Denken Sie männlich, weiblich oder nur anders?

Ergänzungen zum Buch „Die menschliche Seite des Projekterfolgs“ von Peter Siwon, dpunkt.verlag, 2010

Das Thema Neurologie, Psychologie und Projektmanagment ist ständig im Fluss. Damit Sie als Leser meiner Publikationen von meinen aktuellen Erkenntnissen und Erfahrungen profitieren können, habe ich das wichtigste und interessanteste auf dieser Website für Sie zusammengestellt.

Denken Sie männlich, weiblich oder nur anders?

Geschlecht Zeichen02/2012: Gibt es geschlechtsspezifische Unterschiede zwischen männlichen und weiblichen Gehirnen? Was kann man daraus für den Einsatz von Mann und Frau in Projekten ableiten?

Es gibt Unterschiede, die genetisch verankert scheinen. So zeigen Kinder geschlechtsspezifische Vorlieben für Spielzeuge, die nicht durch Sozialisation erklärbar sind. Jungen bevorzugen bewegliche Objekte wie Fahrzeuge und Bälle. Mädchen dagegen bevorzugen ortsgebundene Objekte. Vergleichbare Vorlieben finden sich auch bei Menschenaffen.

Wesentliche Unterschiede in der Anatomie finden sich u.a. in dem Bereich des Gehirns (Hypothalamus), der für die Steuerung des Hormonsystems eine sehr wichtige Rolle spielt. Beispielsweise reagieren männliche und weibliche Hormonsysteme unterschiedlich auf Stresssituationen. Während Männer eher zu Kampf oder Fluchtreaktionen (Fight or Flight) neigen, wenden Frauen diese Strategie seltener an. Sie  zeigen stattdessen öfter eine Fürsorge- und Beschwichtigungsverhalten (Tend and Befriend). Beim Mann wirkt das Hormon Testosteron stärker, das Aggression und Imponiergehabe steigert. Bei Frauen dagegen wirkt das Hormon Oxytocin, das die Bildung sozialer Bindungen unterstützt, stärker. Betrachtet man die für Männer und Frauen lange Zeit typischen Lebensbedingungen, erscheint das plausibel. Für Männer stellt Kampf und Flucht aufgrund Ihrer Körperkraft eine gute Option dar. Wogegen für eine schwangere oder stillende Frau  das Heil eher darin liegt, den Nachwuchs zu schützen, Verbündete zu gewinnen oder den Angreifer zu beschwichtigen.

Die Neurobiologen haben noch weitere Unterschiede in der Hirnstruktur gefunden. Doch ist aufgrund der hohen Komplexität des Gehirns nicht klar nachweisbar, wie sich diese Unterschiede letztlich in den Verhaltensweisen und Fähigkeiten niederschlagen. Dazu fehlen den Forschern noch sehr viele Puzzlesteinchen, die nötig sind um die Funktion von Gehirn und Hormonsystems gut genug zu verstehen. Außerdem ist es ein Irrtum, davon auszugehen, dass nur männliche Gehirne in männlichen Körpern oder weibliche Gehirne in weiblichen Körpern wohnen. Mittlerweile weiß man, dass es auch andere Kombinationen und Zwischenstufen gibt, z.B. finden wir Gehirne mit „typisch“ weiblicher Anatomie auch in männlichen Körpern und umgekehrt. Wie diese Konstellationen beim Heranwachsen des Babies im Mutterleib entstehen wird im Wesentlichen durch Hormone bestimmt. So kann beispielsweise eine stressbedingte Erhöhung des Testosteronspiegels während der Schwangerschaft dazu führen, dass das Gehirn des Embryos andere geschlechtsspezifische Merkmale entwickelt als der Körper.

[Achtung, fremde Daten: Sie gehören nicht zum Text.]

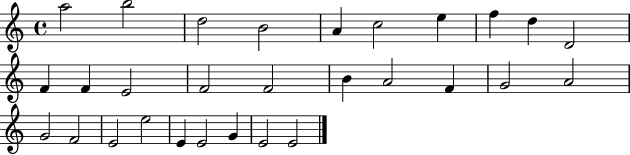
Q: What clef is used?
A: treble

So gesehen macht es wenig Sinn, Fähigkeiten stereotypisch Einzelpersonen zuzuordnen. Viel sinnvoller ist es, die Fähigkeiten der Menschen unabhängig von Ihren äußeren Geschlechtsmerkmalen in den Vordergrund zu stellen und objektiv, z.B. durch Blindtests, sichtbar zu machen. Oder gehen wir noch einen Schritt weiter und lösen uns auch von den Vorurteilen, die wir, wenn auch oft unbewusst, mit Herkunft, Rasse, Größe etc. verbinden. Der Lohn: Es eröffnet sich eine enorme Vielfalt noch ungenutzter Fähigkeiten und Potentiale. Genau die brauchen wir, um die großen Herausforderungen der Zukunft zu meistern.  Die Kunst besteht darin, das Anderssein (Diversity) als Chance statt als Bedrohung oder Schwäche zu sehen.